Solving the KKT equations for Eq. (6) gives the self-correcting update

$$\begin{aligned} B_{k+1} = B_k + P_{W_1^{-1},U_k} (A - B_k) P^\top _{W_2^{-1},V_k}. \end{aligned}$$
(7)

Since this update explicitly corrects the projected residual sample \( R_k = U_k^\top (A-B_k)\, V_k\), it decreases the weighted Frobenius norm \(\Vert A-B_k\Vert _{F(W_{1}^{-1},W_{2}^{-1})}^2\) unless the approximation is correct on the sampled spaces, i.e., \(U_k^\top (A-B_k)\, V_k = 0\).

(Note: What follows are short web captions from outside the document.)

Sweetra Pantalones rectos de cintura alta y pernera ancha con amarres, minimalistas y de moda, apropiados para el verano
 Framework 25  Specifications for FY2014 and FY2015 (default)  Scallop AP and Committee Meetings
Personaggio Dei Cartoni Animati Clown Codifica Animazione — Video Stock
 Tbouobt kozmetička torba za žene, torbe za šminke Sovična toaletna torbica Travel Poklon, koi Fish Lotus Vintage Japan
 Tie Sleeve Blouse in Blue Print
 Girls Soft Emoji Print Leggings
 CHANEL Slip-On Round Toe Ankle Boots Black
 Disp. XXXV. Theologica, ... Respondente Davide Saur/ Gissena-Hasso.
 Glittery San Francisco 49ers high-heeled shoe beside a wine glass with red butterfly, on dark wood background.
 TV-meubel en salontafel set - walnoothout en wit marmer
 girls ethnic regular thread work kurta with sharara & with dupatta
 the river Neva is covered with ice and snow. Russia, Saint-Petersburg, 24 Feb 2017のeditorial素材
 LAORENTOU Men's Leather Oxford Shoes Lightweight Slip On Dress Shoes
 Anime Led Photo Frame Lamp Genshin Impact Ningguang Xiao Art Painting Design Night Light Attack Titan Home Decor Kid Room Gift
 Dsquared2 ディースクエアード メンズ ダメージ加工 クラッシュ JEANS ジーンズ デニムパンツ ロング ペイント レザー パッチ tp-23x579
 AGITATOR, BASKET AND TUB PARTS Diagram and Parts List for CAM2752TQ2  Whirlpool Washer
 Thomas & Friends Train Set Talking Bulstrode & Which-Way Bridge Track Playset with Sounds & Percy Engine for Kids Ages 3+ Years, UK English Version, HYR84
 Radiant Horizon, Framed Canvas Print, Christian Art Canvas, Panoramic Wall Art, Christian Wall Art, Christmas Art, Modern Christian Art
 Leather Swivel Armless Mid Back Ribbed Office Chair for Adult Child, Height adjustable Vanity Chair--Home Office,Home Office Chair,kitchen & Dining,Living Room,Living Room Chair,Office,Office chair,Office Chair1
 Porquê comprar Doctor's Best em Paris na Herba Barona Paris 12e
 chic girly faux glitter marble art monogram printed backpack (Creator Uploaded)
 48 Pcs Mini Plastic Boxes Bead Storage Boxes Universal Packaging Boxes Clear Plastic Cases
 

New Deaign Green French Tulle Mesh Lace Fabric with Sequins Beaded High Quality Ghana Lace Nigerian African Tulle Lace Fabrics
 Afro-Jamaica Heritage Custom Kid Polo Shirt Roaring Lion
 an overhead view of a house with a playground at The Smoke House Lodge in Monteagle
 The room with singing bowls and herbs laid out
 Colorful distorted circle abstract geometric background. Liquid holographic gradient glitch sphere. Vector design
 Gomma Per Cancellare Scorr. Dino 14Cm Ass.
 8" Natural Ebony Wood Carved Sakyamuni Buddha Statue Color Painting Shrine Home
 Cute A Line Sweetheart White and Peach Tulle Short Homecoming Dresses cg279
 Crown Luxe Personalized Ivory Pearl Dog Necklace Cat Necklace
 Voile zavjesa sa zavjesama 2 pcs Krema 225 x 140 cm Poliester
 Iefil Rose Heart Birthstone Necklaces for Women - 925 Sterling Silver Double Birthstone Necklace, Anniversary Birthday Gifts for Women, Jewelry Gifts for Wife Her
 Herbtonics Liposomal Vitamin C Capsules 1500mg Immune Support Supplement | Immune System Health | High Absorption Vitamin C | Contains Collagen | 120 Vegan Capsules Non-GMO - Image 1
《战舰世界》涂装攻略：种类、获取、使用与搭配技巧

Given \(A\in \mathbb {R}^{m\times n}\), initial approximation \(B_0\in \mathbb {R}^{m\times n}\), two-sided sample sizes \(\{s_1, s_2\}\), and SPD weights \(\{W_{1},W_2\}\), Eq. (7) generates a sequence \(\{B_k\}\) that converges monotonically to A in the appropriate weighted Frobenius norm. Pseudocode is provided in Algorithm 1: boxed values give the two-sided sample size per iteration; double boxed values the total for all iterations. For symmetric A, the independent left and right hand sampling fails to preserve symmetry.

figure a

4.2 Symmetric Update

Unsurprisingly, the fully symmetrized general algorithm (\(A=A^\top ,B_0=B_0^\top \), \(V_k=U_k\) and \(W=W_1=W_2\)) give symmetric approximations. Pseudocode is provided in Algorithm 2 with sample counts boxed as before.

figure b

Remark 1

Algorithm 2 can give non-SPD updates from SPD input e.g.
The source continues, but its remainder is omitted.